I finally got to see Monty Python's Spamalot on Broadway last week -- hoorah! It feels like I've been tormented for aeons by the existence of this show and its exhorbitantly-out-of-reach-for-a-starving-writer ticket prices, but it hasn't even been playing a year yet. (A very good, very geeky friend of mine found a pair of tix on eBay -- under face value! -- and made a gift of one to me, for which I shall be enternally geekily grateful.)

The show is a riot, the third funniest thing I've ever seen in the theater. (The first is Fool Moon; the second, The Complete Works of William Shakespeare, Abridged, which is -- I can't believe it -- available on DVD.) It's much more than merely a revue of good bits from the Flying Circus and various Python flicks -- it's its own creature, familiar bits woven into new bits and spiced with a lot of parodizing of Broadway conventions and clichés. It is, as you should expect from anything with the Python name on it, wickedly irreverent.

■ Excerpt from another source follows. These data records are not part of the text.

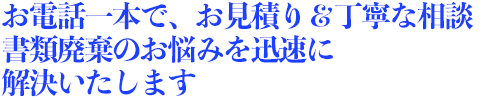 title_in_02 お電話一本で、 書類廃棄のお悩みを迅速に解決いたします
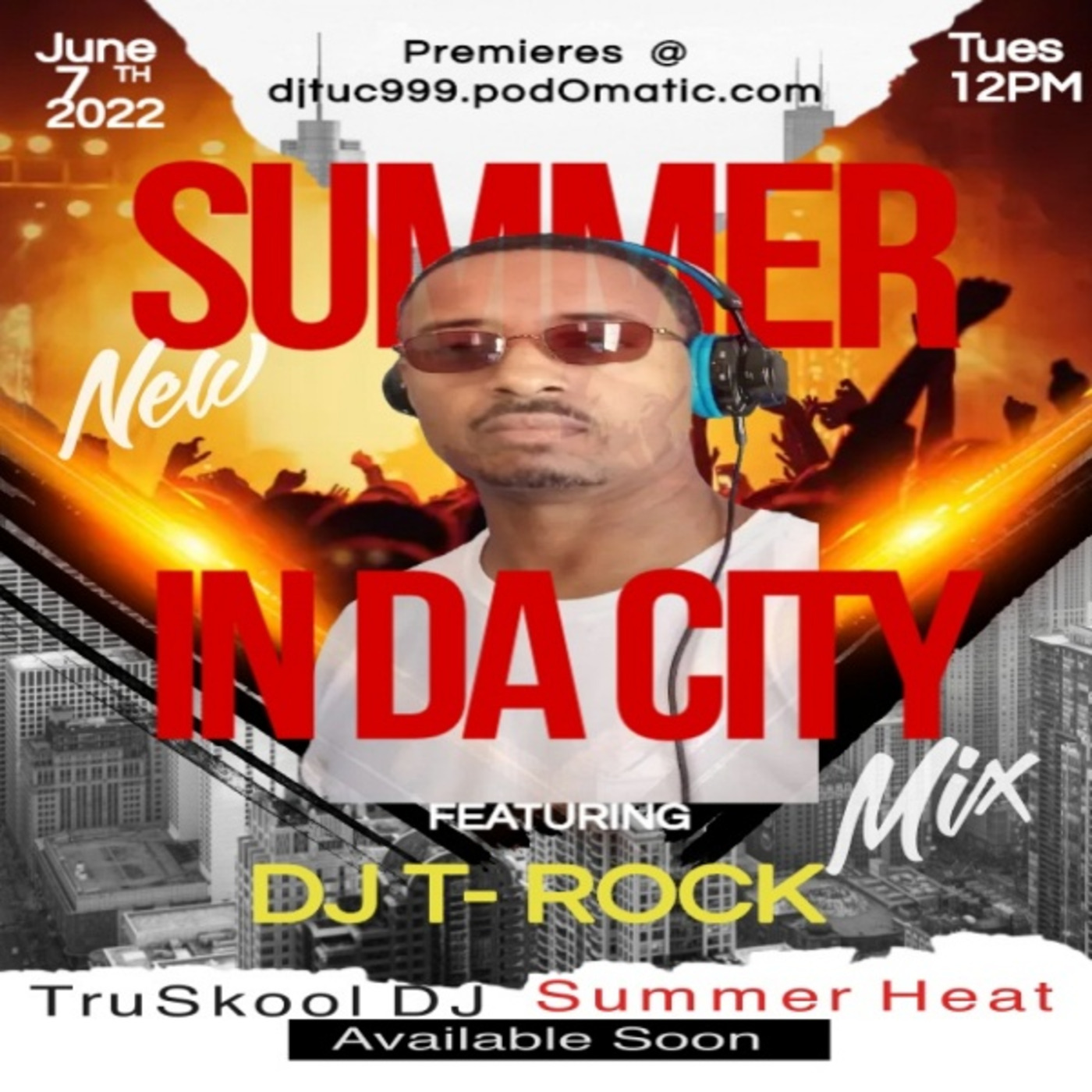 Episode 31: DJ T-Rock- Summer Party Mix in Da City (2022)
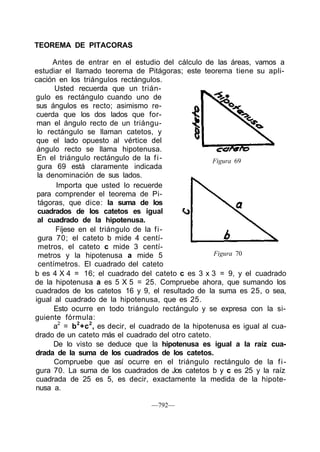 Figura 69
TEOREMA DE PITACORAS
Antes de entrar en el estudio del cálculo de las áreas, vamos a
estudiar el llamado teorema de Pitágoras; este teorema tiene su apli-
cación en los triángulos rectángulos.
Usted recuerda que un trián-
gulo es rectángulo cuando uno de
sus ángulos es recto; asimismo re-
cuerda que los dos lados que for-
man el ángulo recto de un triángu-
lo rectángulo se llaman catetos, y
que el lado opuesto al vértice del
ángulo recto se llama hipotenusa.
En el triángulo rectángulo de la fi-
gura 69 está claramente indicada
la denominación de sus lados.
Importa que usted lo recuerde
para comprender el teorema de Pi-
tágoras, que dice: la suma de los
cuadrados de los catetos es igual
al cuadrado de la hipotenusa.
Fíjese en el triángulo de la fi-
gura 70; el cateto b mide 4 centí-
metros, el cateto c mide 3 centí-
metros y la hipotenusa a mide 5
centímetros. El cuadrado del cateto
b es 4 X 4 = 16; el cuadrado del cateto c es 3 x 3 = 9, y el cuadrado
de la hipotenusa a es 5 X 5 = 25. Compruebe ahora, que sumando los
cuadrados de los catetos 16 y 9, el resultado de la suma es 25, o sea,
igual al cuadrado de la hipotenusa, que es 25.
Esto ocurre en todo triángulo rectángulo y se expresa con la si-
guiente fórmula:
a2
= b2
+c2
, es decir, el cuadrado de la hipotenusa es igual al cua-
drado de un cateto más el cuadrado del otro cateto.
De lo visto se deduce que la hipotenusa es igual a la raíz cua-
drada de la suma de los cuadrados de los catetos.
Compruebe que así ocurre en el triángulo rectángulo de la fi-
gura 70. La suma de los cuadrados de Jos catetos b y c es 25 y la raíz
cuadrada de 25 es 5, es decir, exactamente la medida de la hipote-
nusa a.
Figura 70
—792—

It's so irreverent, in fact, that I was suddenly struck by its popularity: How did a culty little TV show end up being the hottest ticket in town? And then it occured to me that the previous hottest ticket in town, The Producers, also sprang from a cultish little film. What's going on?

What's going on, of course, is that Generation X, with its snarky attitude and tendency to embrace all things weird and funky and geeky, is not only working to bring these strangenesses to us, the audience -- Spamalot's Hank Azaria is an Xer, born 1964, and certainly a geek icon for his work on The Simpsons alone; The Producers' Matthew Broderick is an Xer, born 1962, and certainly a geek icon for his performance in Ferris Bueller's Day Off alone -- but the audience itself is now heavily Xer and geeky and doesn't see anything particular outré in Trojan bunnies and stream-of-consciousness insults ("Your mother was a hamster, and your father smelt of elderberries!"), or in making fun of Holocaust-seriousness or theatrical excessiveness.

Maybe, if we're very good, their gods of geekitude will bring us Star Trek: The Musical next year...

4 Comments

And then, there is also Avenue Q, which is the GenX icon of the Muppets turned 90 degrees askew. (The Muppets turned 180 degrees around is Meet the Feebles, created by another GenXer, Peter Jackson.) I think I'd attribute the long-delayed success of Sondheim's Assassins to the Gen X audience that is open to the concept of a Broadway musical about presidential assassins done with Sondheim's typically twisted yet sharp-eyed perspective. Only 13 years ago, when they first tried to take it to Broadway, the theater elite shuddered at the idea.
Avenue Q is on my list of things to see. And yes, I've met the Feebles. :->
Meet the Feebles...I don't think I've ever been so grossed out, yet simultaneously amused. If you ever get the chance to see RDC doing The Complete Bible;Abridged, don't miss it. Mr Oro and myself were lucky enough to catch them here in Scotland a couple of years ago - the next day we were literally in pain, we'd laughed so hard for so long. Can't wait to see Shakespeare, which my Mom has seen and adores!
You got to see Spamalot? Soo... very... envious....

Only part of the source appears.